Vision-Language Integration in Multimodal Video Transformers (Partially) Aligns with the Brain

Integrating information from multiple modalities is arguably one of the essential prerequisites for grounding artificial intelligence systems with an understanding of the real world. Recent advances in video transformers that jointly learn from vision, text, and sound over time have made some progress toward this goal, but the degree to which these models integrate information from modalities still remains unclear. In this work, we present a promising approach for probing a pre-trained multimodal video transformer model by leveraging neuroscientific evidence of multimodal information processing in the brain. Using brain recordings of participants watching a popular TV show, we analyze the effects of multi-modal connections and interactions in a pre-trained multi-modal video transformer on the alignment with uni- and multi-modal brain regions. We find evidence that vision enhances masked prediction performance during language processing, providing support that cross-modal representations in models can benefit individual modalities. However, we don't find evidence of brain-relevant information captured by the joint multi-modal transformer representations beyond that captured by all of the individual modalities. We finally show that the brain alignment of the pre-trained joint representation can be improved by fine-tuning using a task that requires vision-language inferences. Overall, our results paint an optimistic picture of the ability of multi-modal transformers to integrate vision and language in partially brain-relevant ways but also show that improving the brain alignment of these models may require new approaches.

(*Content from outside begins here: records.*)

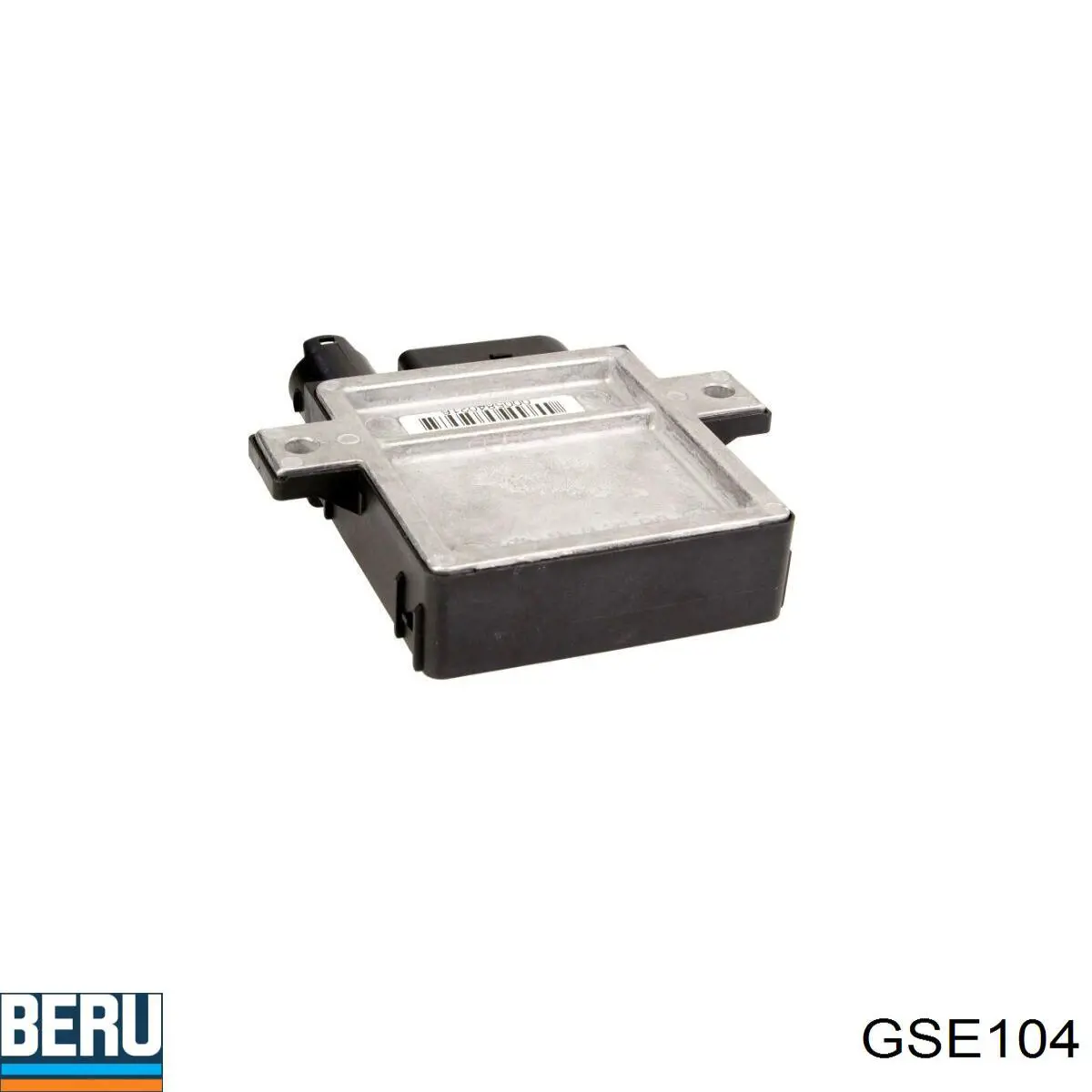 GSE104 Beru Реле свічок накалу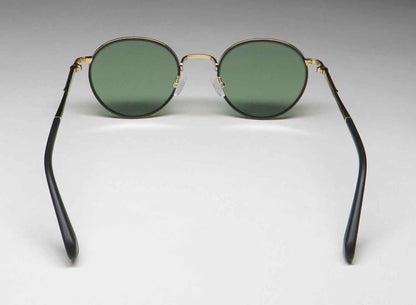 Zac Posen Lionel Sunglasses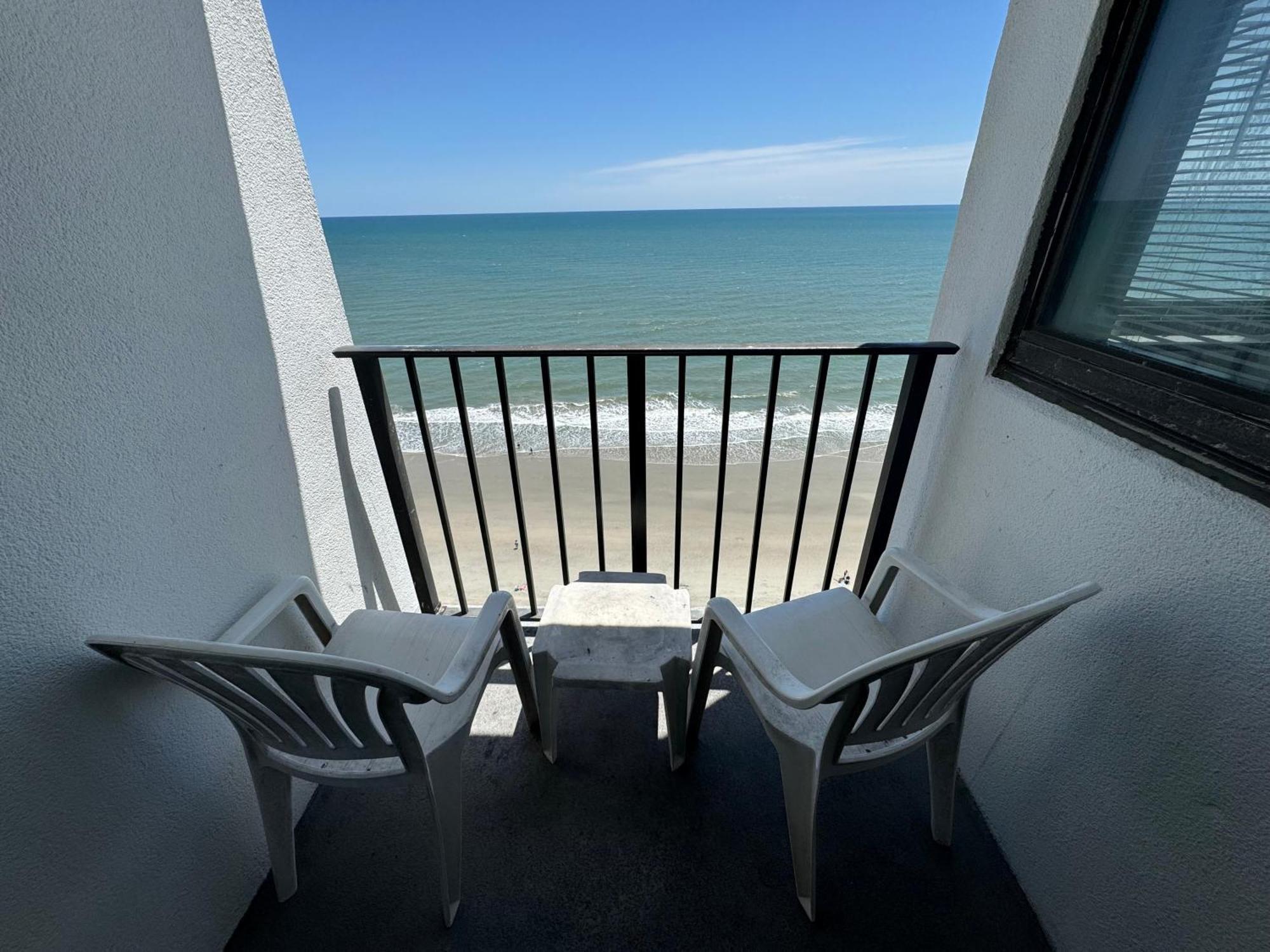 The Palace 1702 Myrtle Beach Luaran gambar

翻译：整合来自多模态的信息可以说是让人工智能系统具备对真实世界理解的基础前提之一。近年来，能够随时间从视觉、文本和声音中联合学习的视频Transformer取得了进展，但模型在多大程度上整合了来自不同模态的信息仍不明确。本研究提出了一种有前景的方法，通过利用大脑中多模态信息处理的神经科学证据，来探测预训练的多模态视频Transformer模型。我们利用参与者观看热门电视节目时的大脑记录，分析了预训练多模态视频Transformer中多模态连接与交互对单模态和多模态脑区对齐的影响。我们发现证据表明，在语言处理过程中，视觉增强了掩码预测性能，这支持了模型中的跨模态表征能够使单个模态受益。然而，我们没有发现证据表明联合多模态Transformer表征捕获了超出所有单模态表征总和之外的大脑相关信息。最后，我们证明，通过使用需要视觉-语言推理的任务进行微调，可以改善预训练联合表征的大脑对齐。总体而言，我们的结果表明，多模态Transformer能够以部分与大脑相关的方式整合视觉和语言，这描绘了一幅乐观的图景，但也表明，改善这些模型的大脑对齐可能需要新的方法。